• **YOUR INSTRUCTIONS**:
Across these entries, count the lines holding the string "Black"; the number is the whole answer.

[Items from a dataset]
+++

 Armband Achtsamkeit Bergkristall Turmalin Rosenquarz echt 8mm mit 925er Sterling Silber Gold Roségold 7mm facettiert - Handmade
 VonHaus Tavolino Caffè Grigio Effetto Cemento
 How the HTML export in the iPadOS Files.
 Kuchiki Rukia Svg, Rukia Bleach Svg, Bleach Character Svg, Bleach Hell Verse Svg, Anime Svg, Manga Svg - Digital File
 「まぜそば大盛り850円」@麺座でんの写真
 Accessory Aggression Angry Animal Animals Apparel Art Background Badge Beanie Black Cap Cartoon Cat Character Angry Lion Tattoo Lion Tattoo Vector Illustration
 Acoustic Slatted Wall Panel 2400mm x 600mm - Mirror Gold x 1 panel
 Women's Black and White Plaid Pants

+++

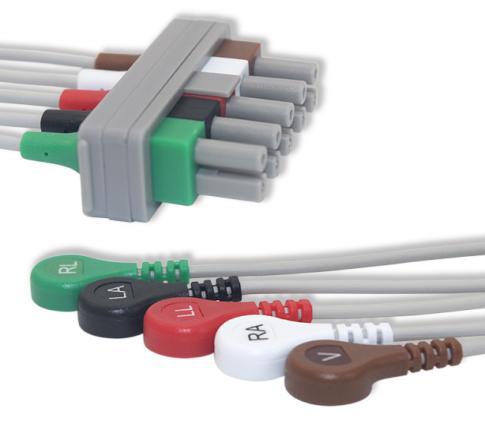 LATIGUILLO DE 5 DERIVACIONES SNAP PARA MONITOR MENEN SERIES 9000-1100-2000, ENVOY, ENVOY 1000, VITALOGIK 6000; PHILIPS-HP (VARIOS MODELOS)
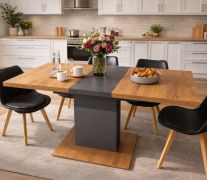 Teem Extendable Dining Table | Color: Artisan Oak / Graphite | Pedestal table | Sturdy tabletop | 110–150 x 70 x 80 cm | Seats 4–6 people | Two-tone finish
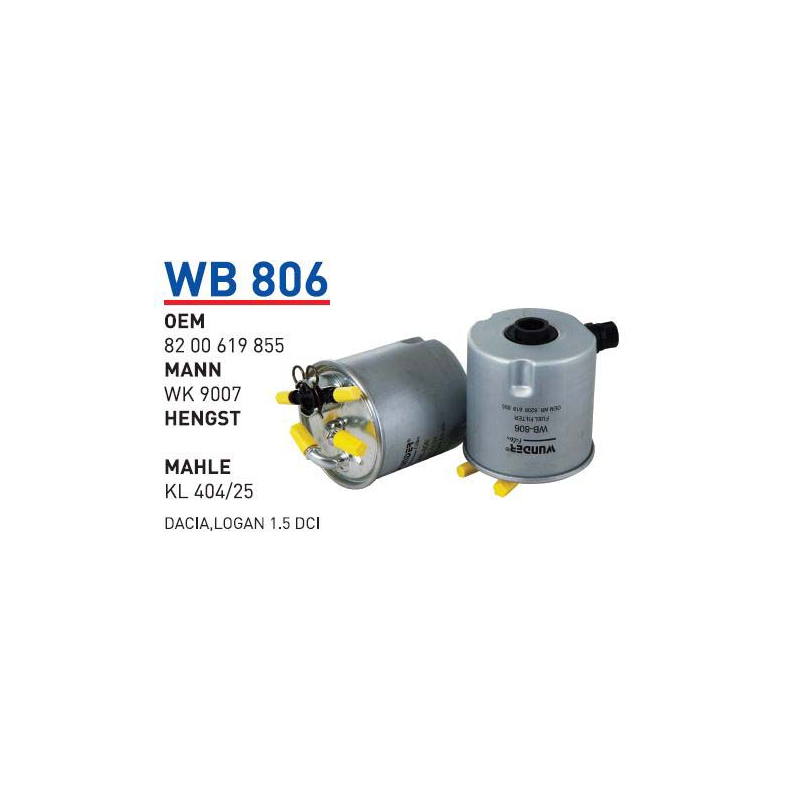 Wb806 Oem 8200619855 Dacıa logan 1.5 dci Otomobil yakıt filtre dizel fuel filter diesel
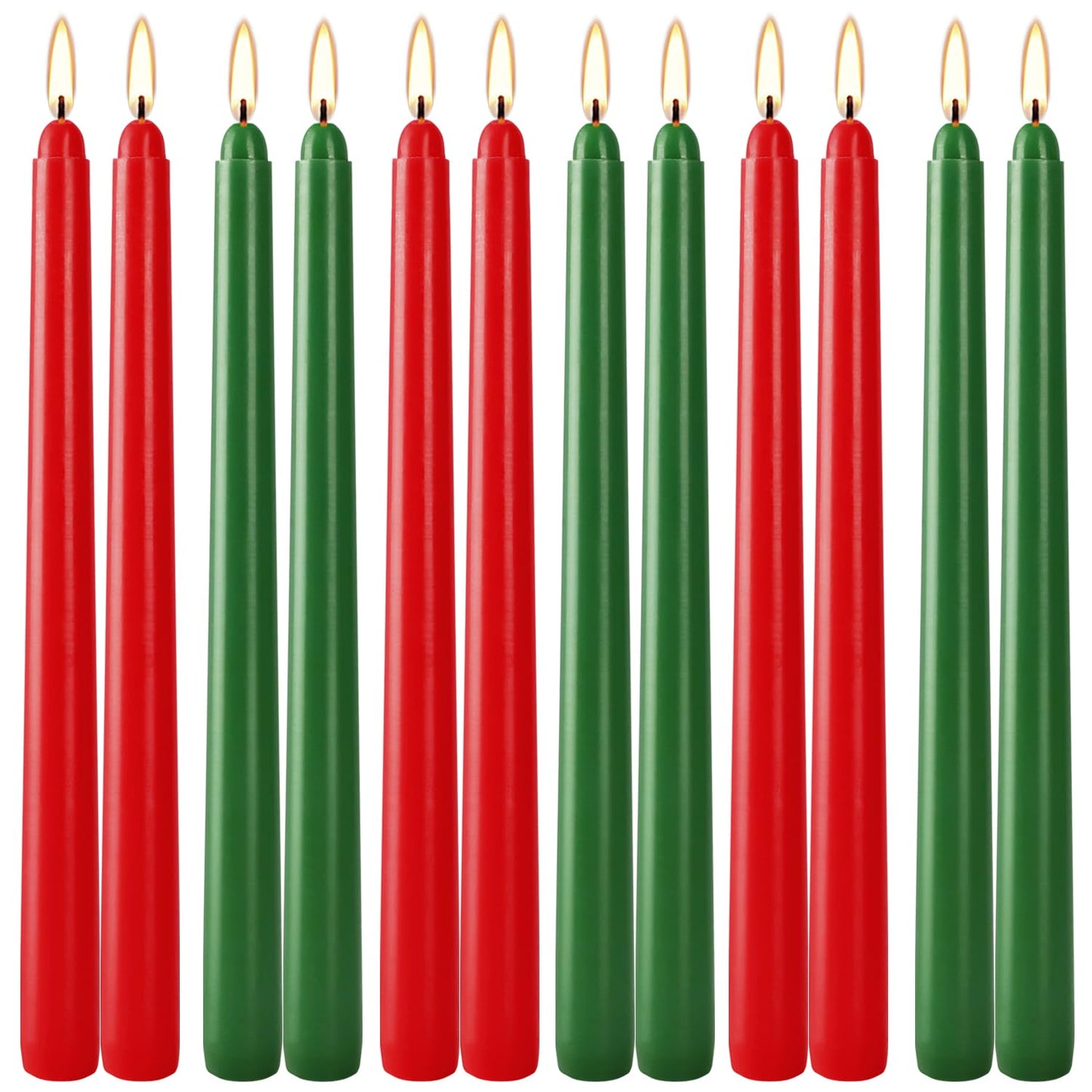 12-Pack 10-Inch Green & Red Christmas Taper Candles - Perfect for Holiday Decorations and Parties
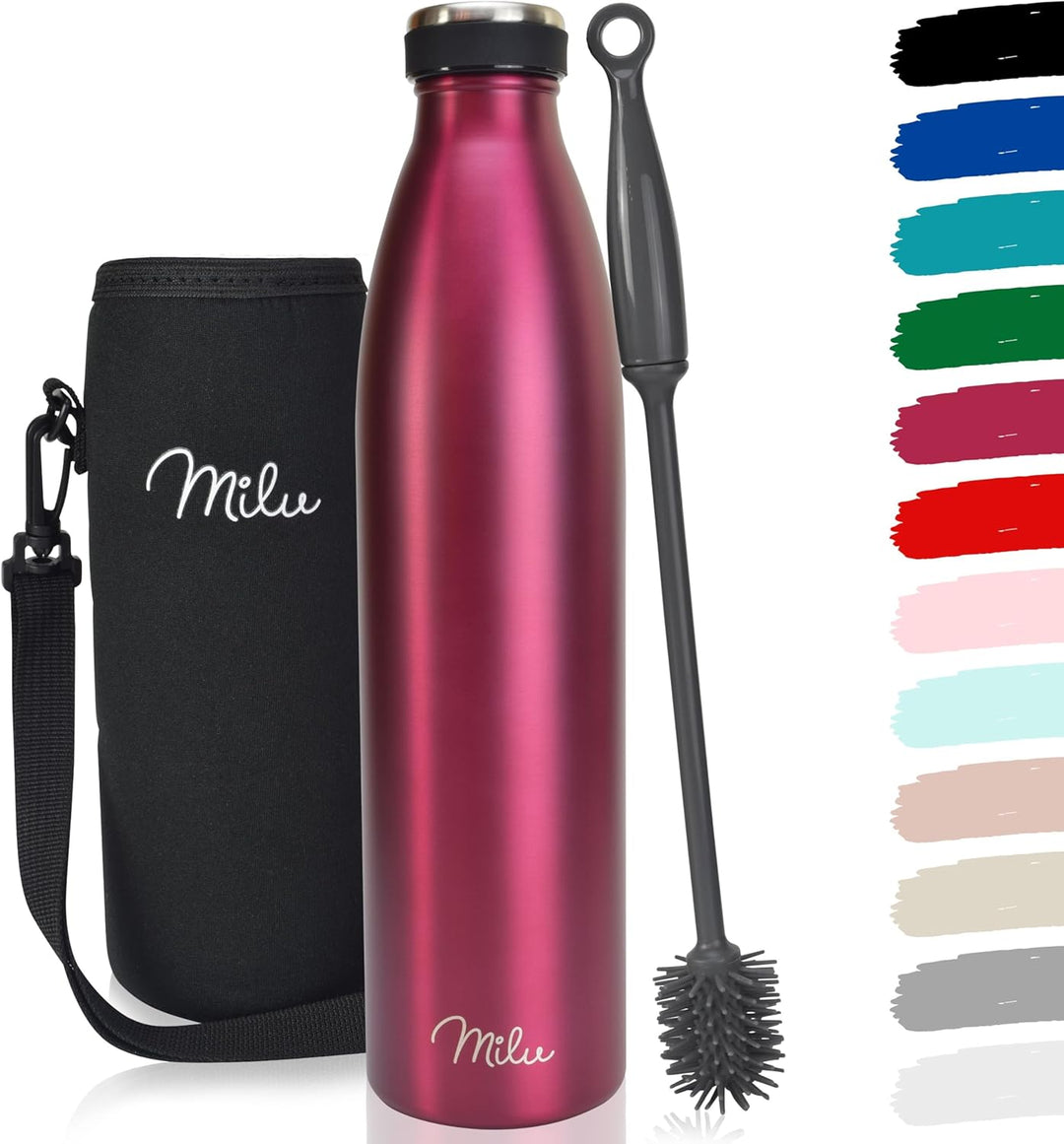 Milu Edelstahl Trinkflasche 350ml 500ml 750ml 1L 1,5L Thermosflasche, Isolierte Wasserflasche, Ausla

+++

• **OUTPUT OF THE EXERCISE**:
2